How to Set up R Server Profiles¶
Opal is able to connect to multiple R servers: see R Server documentation. The benefits of having multiple R servers are:
- Having different versions of R and/or R packages (i.e. profiles) installed, for reproducible science (see also How to Set up R/DataSHIELD Client Profiles),
- Balance the computation load other several R servers with same profile.
Opal has two different strategies for establishing connection with R servers (see Apps documentation):
- Self-registration, which is flexible and then appropriate for load balancing,
- Service discovery, which is preferred for managing multiple R server profiles.

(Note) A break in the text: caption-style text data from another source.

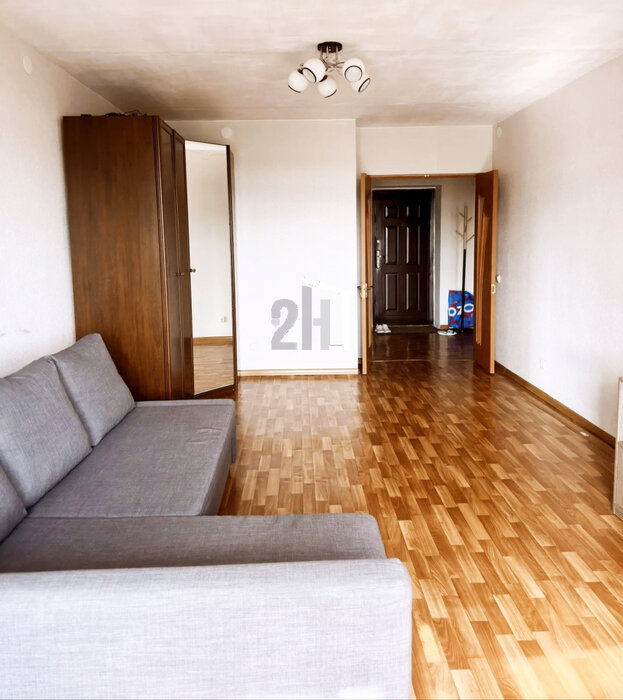 Екатеринбург, ул. Волчанский, 11 (Лечебный) - фото квартиры (3)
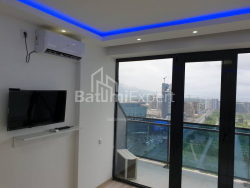 Daire 1-oda 31 m² - Şerif Khimshiashvili, Batumi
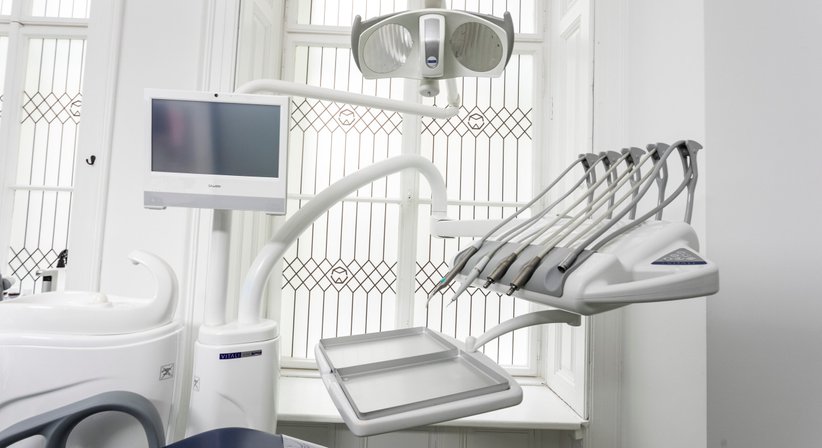 Dr. Andreas Quidenus, MSc - Zahnarzt Wien 1010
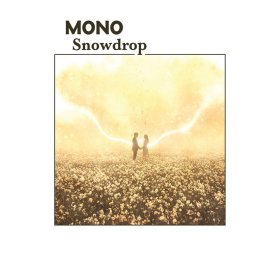 Mono - Snowdrop (Boysenberry) [Vinyl, 2LP]
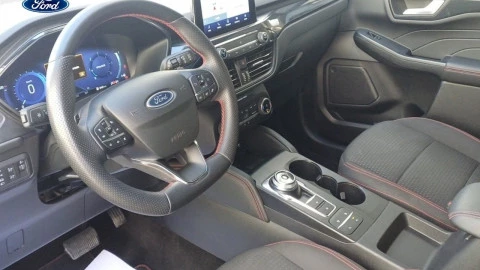 Ford Kuga ST-Line 2.0 EcoBlue 88kW (120CV) Auto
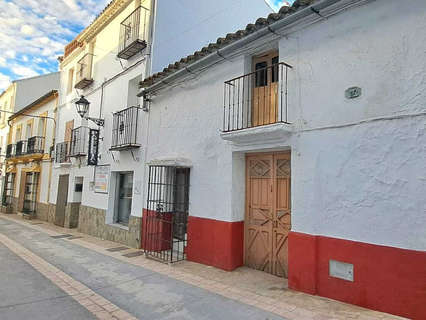 Casa en venta en Gaucín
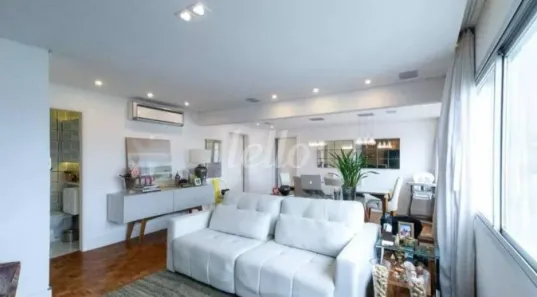 Apartamento com 2 Quartos à venda, 124m² no Vila Olímpia, São Paulo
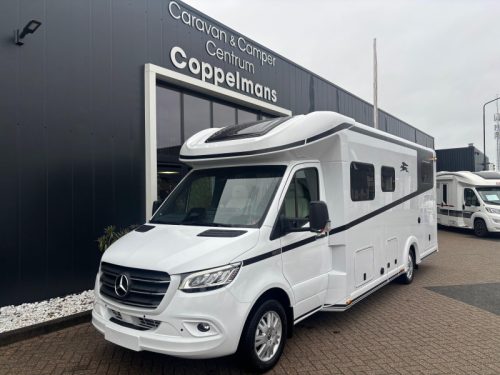 Laika Kreos 5009 L Top class photo: 8
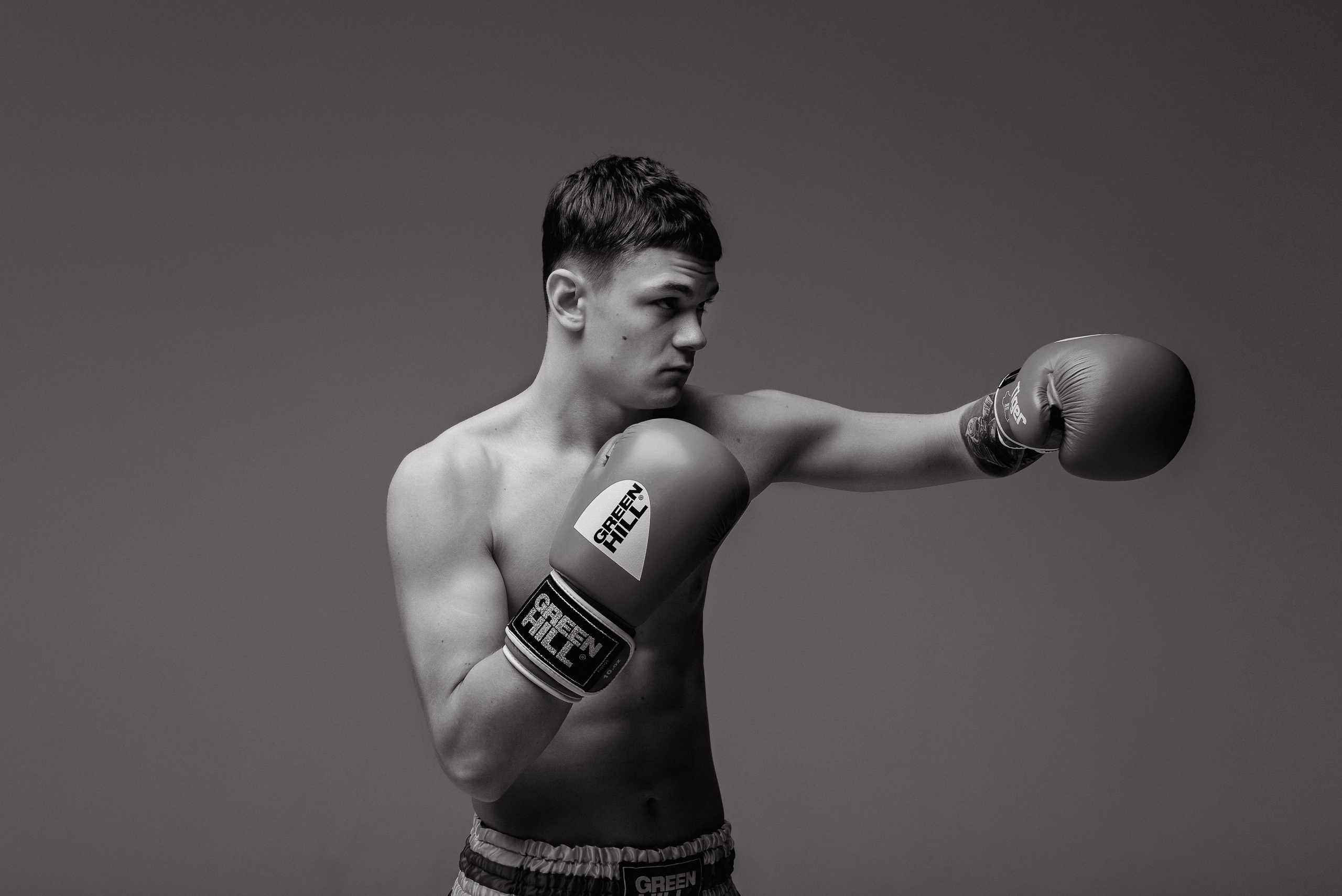 Дэн. Детский фотограф в Долгопрудном и Москве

Whatever the chosen registration strategy, the name of the R profile in Opal is the name of the cluster
declared in the Rock R server configuration (see Cluster Node Configuration documentation).
Using the Docker technology, several R servers can run on the same host. An R server packaged in a Docker container is also easier to maintain, when R packages are to be updated or when a computation environment is to be restored. Therefore, the following instructions will recommend the Docker usage and more specifically the Docker Compose tool.
Step 1 - Prepare Docker Images¶
The following Rock R server Docker images are proposed:
Image | Description |
---|---|
obiba/rock | Rock R server application with R and useful R packages and system libraries.
Everything you need for a standard R server connected to Opal (reporting, resources, analysis).
Available tags are:
-
latest , <rock_version> (for instance 1.0 )-
<rock_version>-R<r-version> (for instance 1.0-R4.1 ). |
datashield/rock-base | Based on
obiba/rock image and includes the datashield/dsBase R package for basic DataSHIELD analysis.This is the recommended base image for the DataSHIELD users.
Available tags are:
-
latest , <dsBase_version> (for instance 6.1 )-
<dsbase_version>-R<r_version> (for instance 6.1-R4.1 ).As a reference, see datashield/rock-base Dockerfile.
|
datashield/rock-mediation | Based on
datashield/rock-base image and includes the datashield/dsMediation R package for mediation related DataSHIELD analysis.Available tags are:
-
latest , <dsMediation_version> (for instance 0.0.1 ).As a reference, see datashield/rock-mediation Dockerfile.
|
datashield/rock-omics | Based on
datashield/rock-base image and includes the isglobal-brge/dsOmics R package for omics related DataSHIELD analysis.Available tags are:
-
latest , <dsOmics_version> (for instance 1.0 or 1.0.7 ).As a reference, see datashield/rock-omics Dockerfile.
|
datashield/rock-exposome | Based on
datashield/rock-base image and includes the isglobal-brge/dsExposome R package for exposome related DataSHIELD analysis.Available tags are:
-
latest , <dsExposome_version> (for instance 1.0 or 1.0.1 ).As a reference, see datashield/rock-exposome Dockerfile.
|
From these base images, it is possible to make your own, with additional R packages and system libraries installed. See for instance these demo images:
- obiba/rock-demo:geo Dockerfile installs geo system libraries and a DataSHIELD R package for geolocalized data analysis.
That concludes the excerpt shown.